However, the OSR director said that the July statement was not “clear on the source of the claims” about knife crime, given that it did not make such clarifications in the text and therefore was “not in line with best practice”.
Following the objections from Humpherson, a spokesman for Khan said that the original press release has been changed to provide “further detail has been added to a press release issued in July 2023 around the specific reductions achieved with knife crime in the capital”.
Knife crime will likely be a major political issue in 2024 when Mr Khan will seek a historic third term in office. Khan’s chief opponent in the upcoming race, Tory London Assembly Member Susan Hall, has vowed to invest £200 million into policing to get reduce crime in the capital.

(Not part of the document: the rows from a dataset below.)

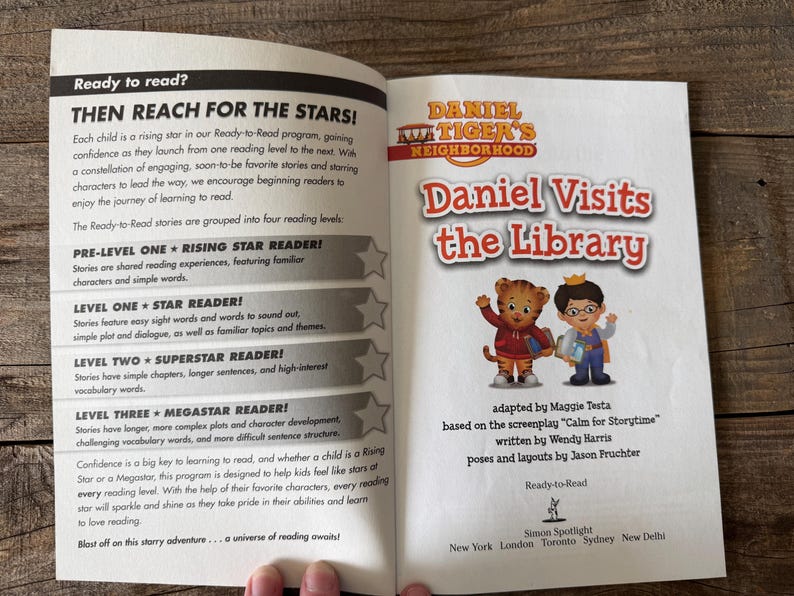 May include: An open book with the title "Daniel Visits the Library" featuring Daniel Tiger characters. The book is part of the Ready-to-Read series, with text about reading levels and a program to encourage children to read.
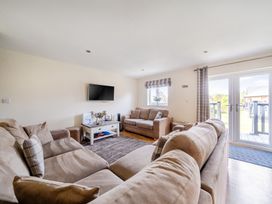 A living room with a television and a sofa at James Ville Marina Lodge 13 in Brigg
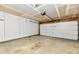 Spacious two-car garage with concrete floor and unfinished ceiling at 1252 Jasmine Dr, Greenfield, IN 46140
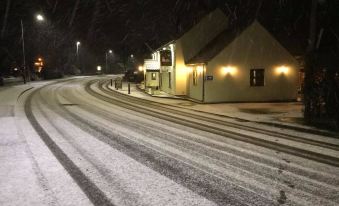 a snow - covered street at night with buildings lit up , creating a serene atmosphere under the dark sky at The Black Horse Inn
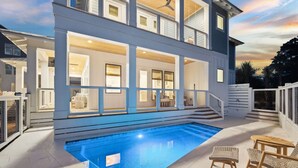 Ein zweistöckiges Haus mit Schwimmbad, Außenmöbeln und einer überdachten Terrasse.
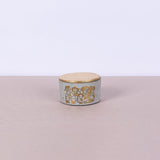 Small round concrete box with graffiti in copper and gold leaf lid - Fastoun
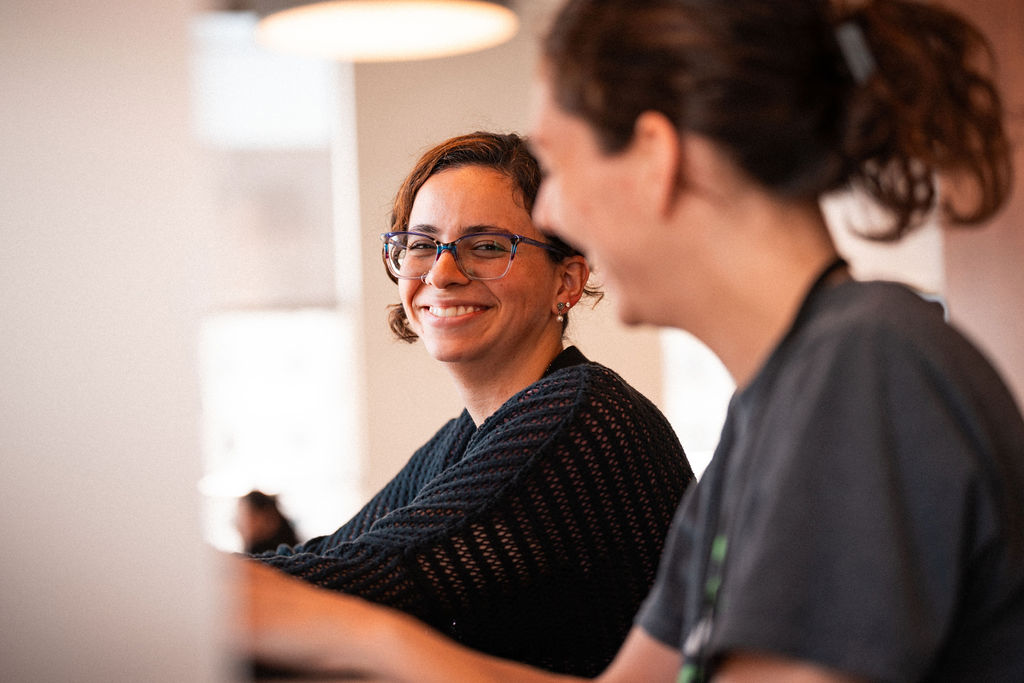 Two people sit indoors, one facing the camera and smiling while the other—perhaps an international student—is seen in profile, slightly out of focus.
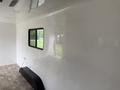 Interior view of a 2025 Shuttle Office with glossy white walls and a black storage unit against the wall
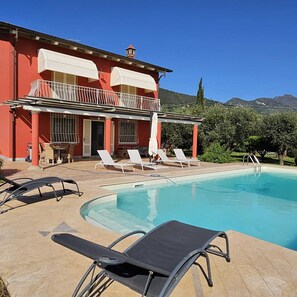 A pool area with lounge chairs and a building with a balcony. - VILLA BICE- PRIVATE POOL - TUSCANY - Versilia near the beach (Strettoia)
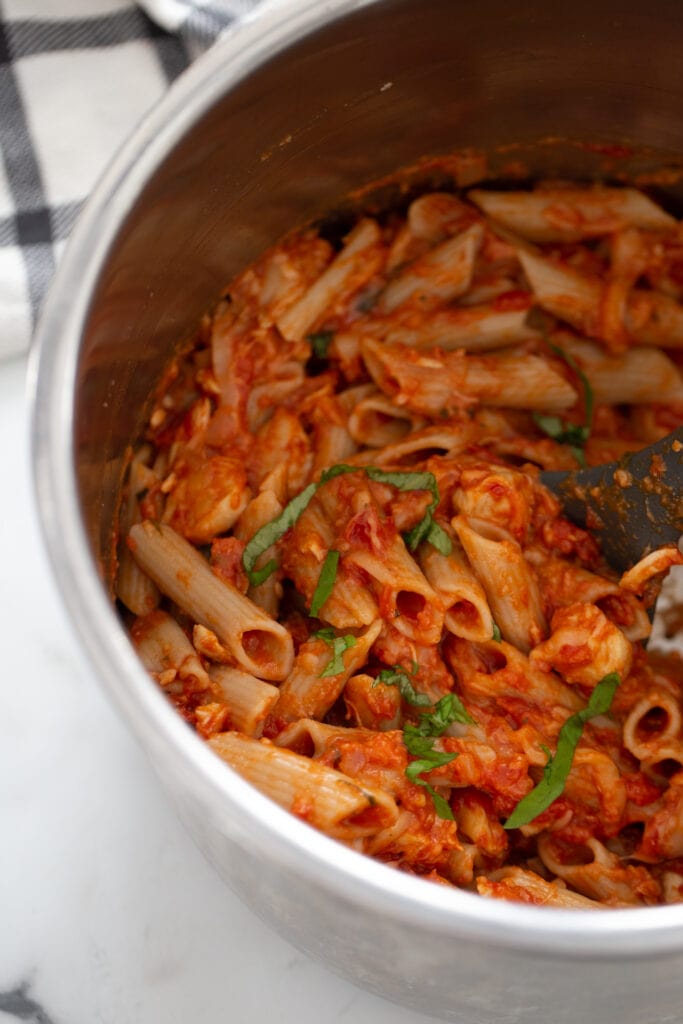 Overhead photo of an Instant Pot liner filled with gooey cheesy chicken parmesan pasta.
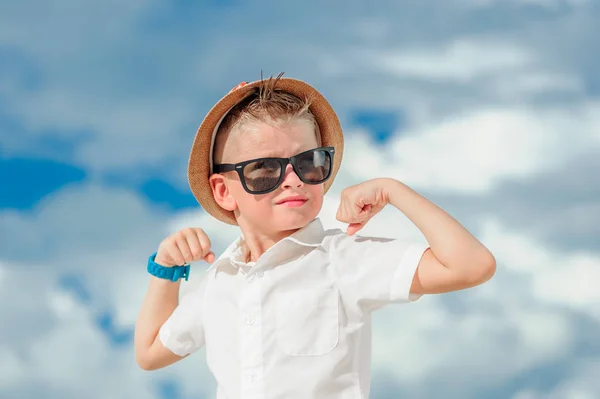 Blisko do portretu na tle chmur: przystojny chłopiec ubrany w stałych jasnej koszuli okulary przeciwsłoneczne i kapelusz fedora. Pochylił kolana, pokazuje jak silny jest. Patrząc w dal — Zdjęcie stockowe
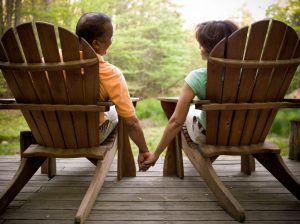 retired couple sitting in adirondack chairs mount kisco ny investment management and financial planning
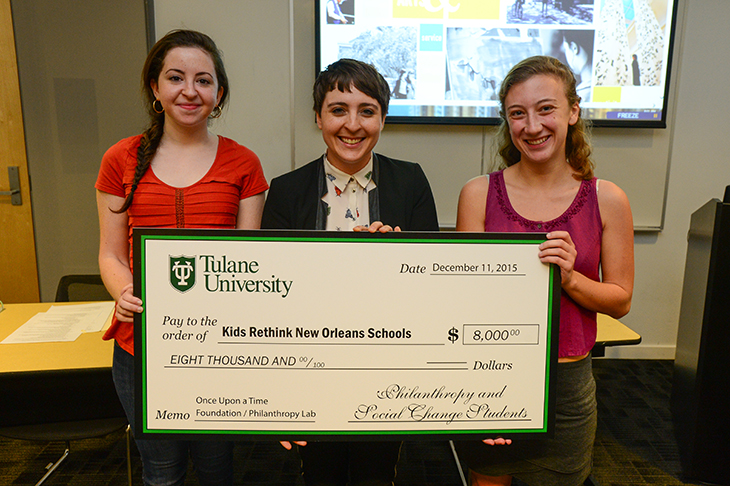 Philanthropy students Jessica Rubini, left, and Abigail Cramer, right, present a grant check to Rachel Lee, center, operations manager of Kids Rethink New Orleans on Friday, Dec. 11. (Photo by Sally Asher)
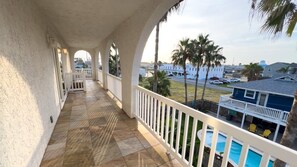 A covered balcony with a view of a swimming pool and a street.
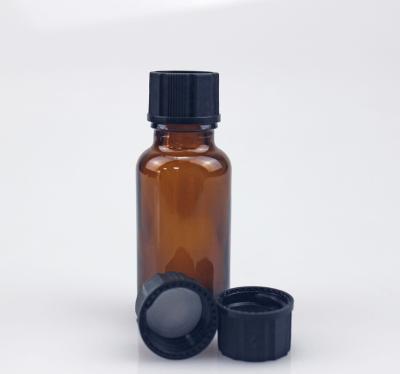 China 20ml Essential Oil Round Glass Cosmetic Amber Bottle With 18/415 Black Plastic Screw Cap for sale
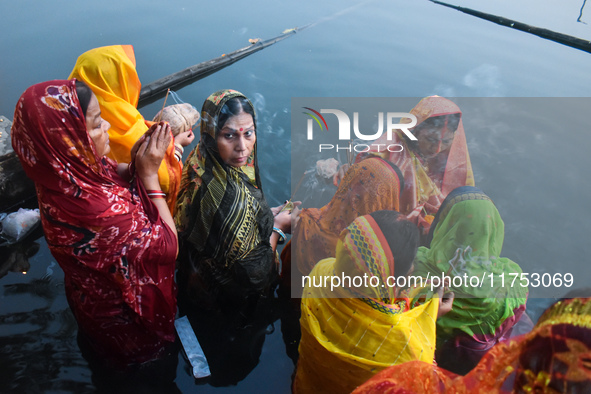 Hindu women worship the Sun god in the early morning during the religious festival of Chhath Puja at a pond in Kolkata, India, on November 8...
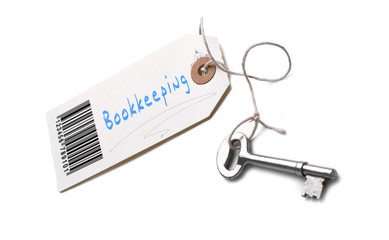 A silver key with a tag attached with a Bookkeeping concept writ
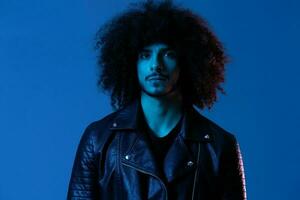 Portrait of fashion man with curly hair on blue background multinational, colored light, black leather jacket trend, modern concept. photo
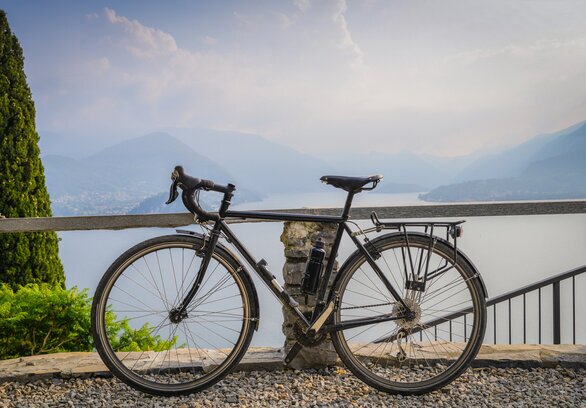 Ciclista su strada panoramica sopra Bellagio con vista Lago di Como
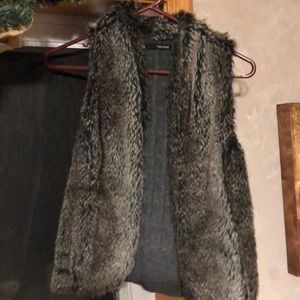 Faux fur vest small with sweater material back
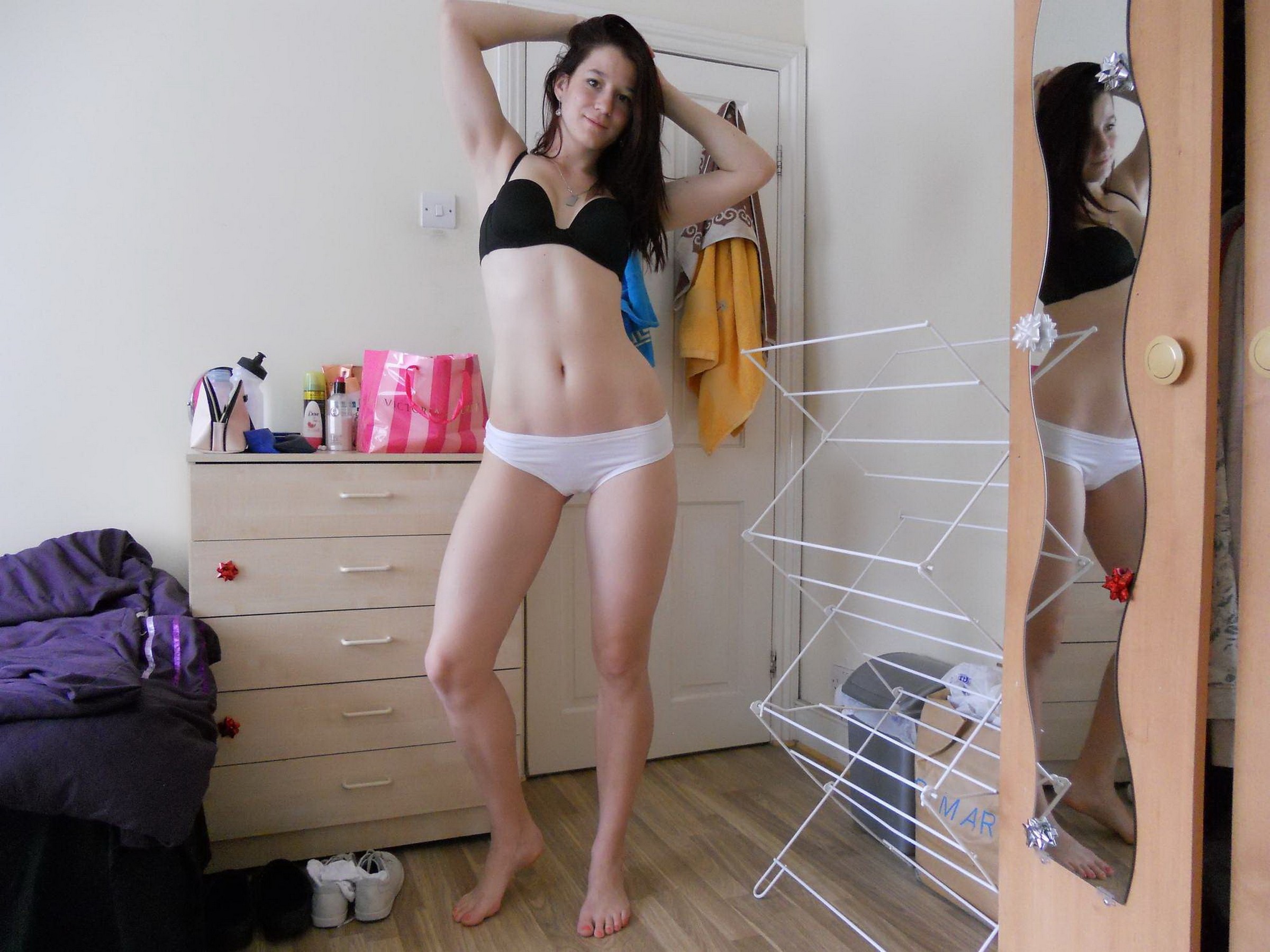 Красивая девушка позирует в нижнем белье у себя в комнате 10 фотография
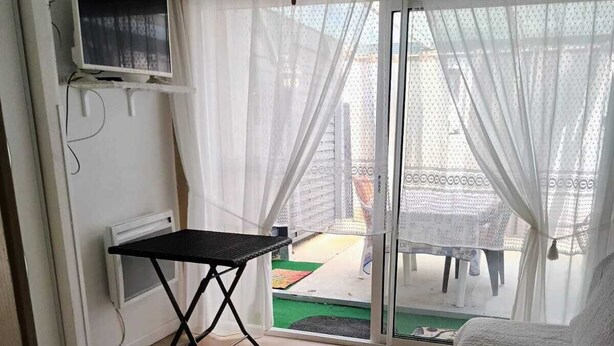 A room with a bed, a small table, a TV, and a sliding glass door to an outdoor area.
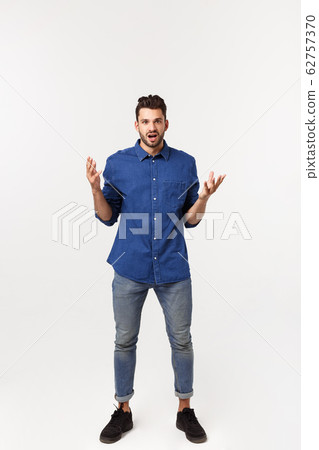 Charming handsome. Handsome young man in casual wear while standing isolated on white background 62757370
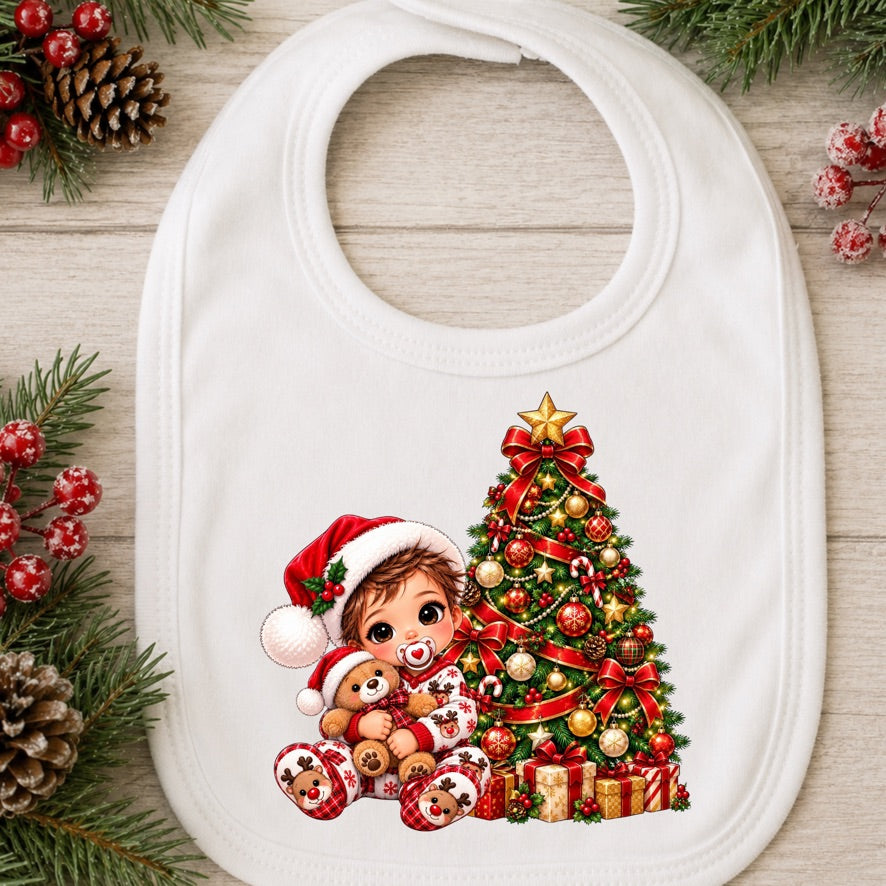 A white baby bib with a festive Christmas illustration of a child in a Santa hat hugging a teddy bear next to a decorated Christmas tree, shown on a light wood background with pine branches and berries.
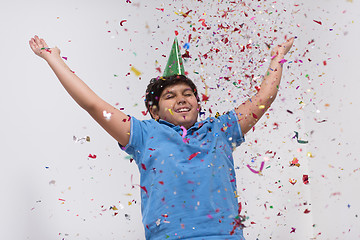 Image showing kid blowing confetti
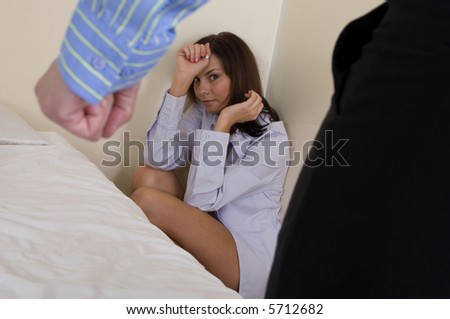 Mans fist showing with scared woman in the corner of room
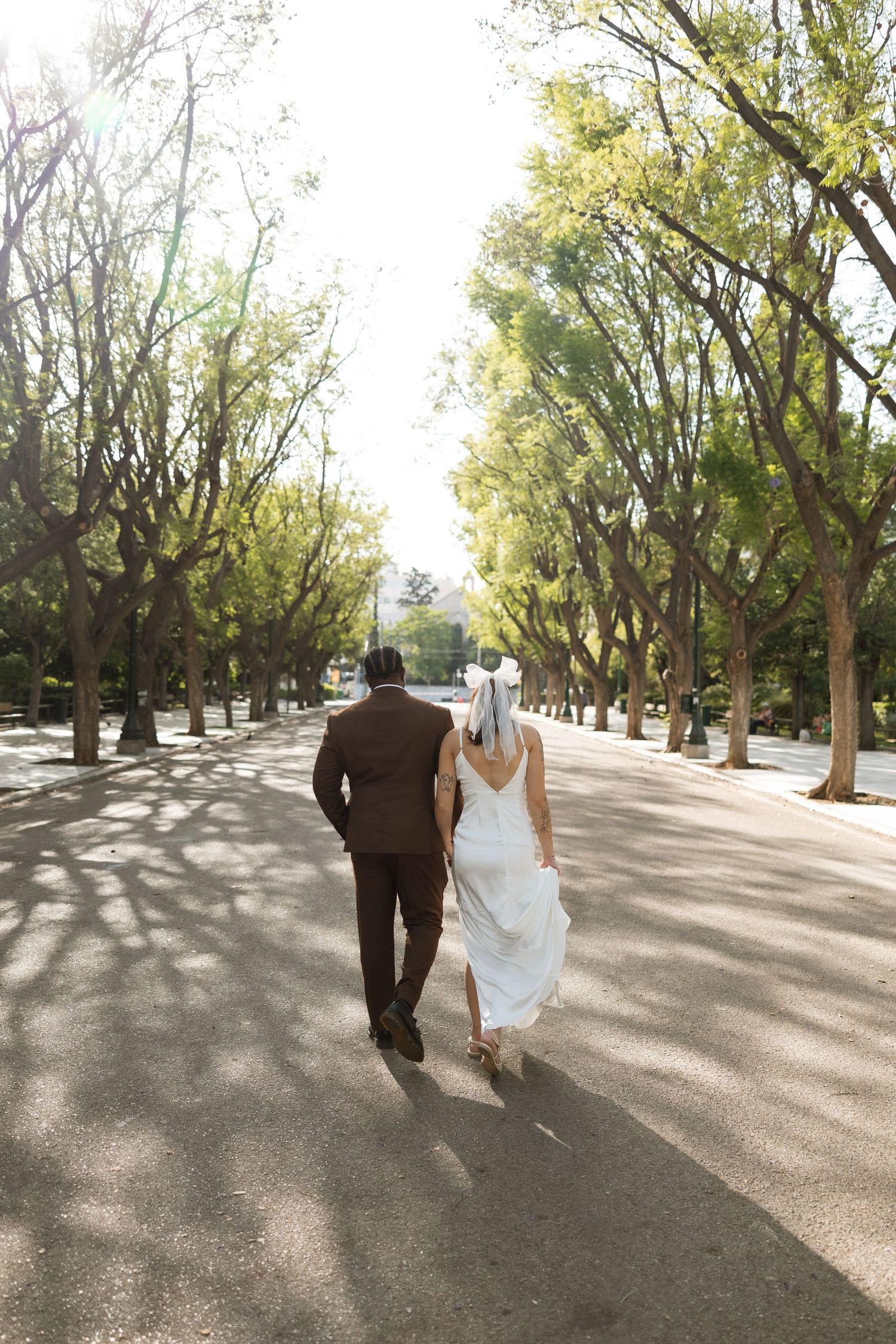 Wedding couple walks down tree-lined path with sunlight filtering through branches.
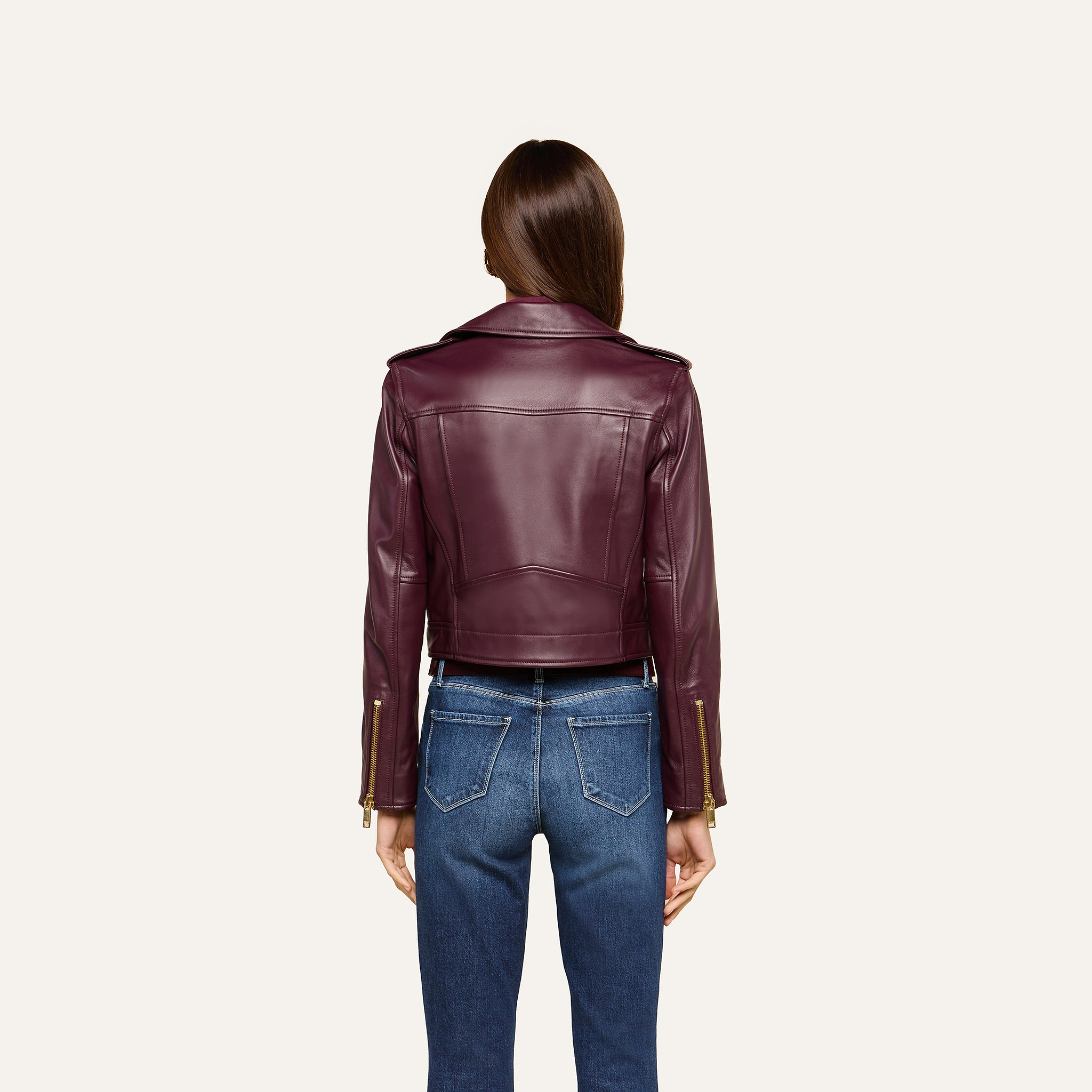 A person with long brown hair is shown from behind, wearing the Blakely Leather Biker Jacket in burgundy lambskin leather with a cropped fit and blue jeans, standing against a plain light background.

“We will stop at nothing until criminals are locked up and our streets are safer again,” Hall said, pledging to set up specialist police units to tackle burglaries, robberies, and theft, which she said have “been ignored too often”.
Hall has also vowed to “take the scourge of knife crime” and said that she would invest in knife detection wands for police officers to be able to conduct “searches faster and less intrusively.”
Editor’s Note 07-12-23: An earlier version of this article inadvertently conflated the Office of National Statistics and the Office for Statistics Regulation, both bodies based in the same building in London and both arms of the UK Statistics Authority. This has been corrected for clarity.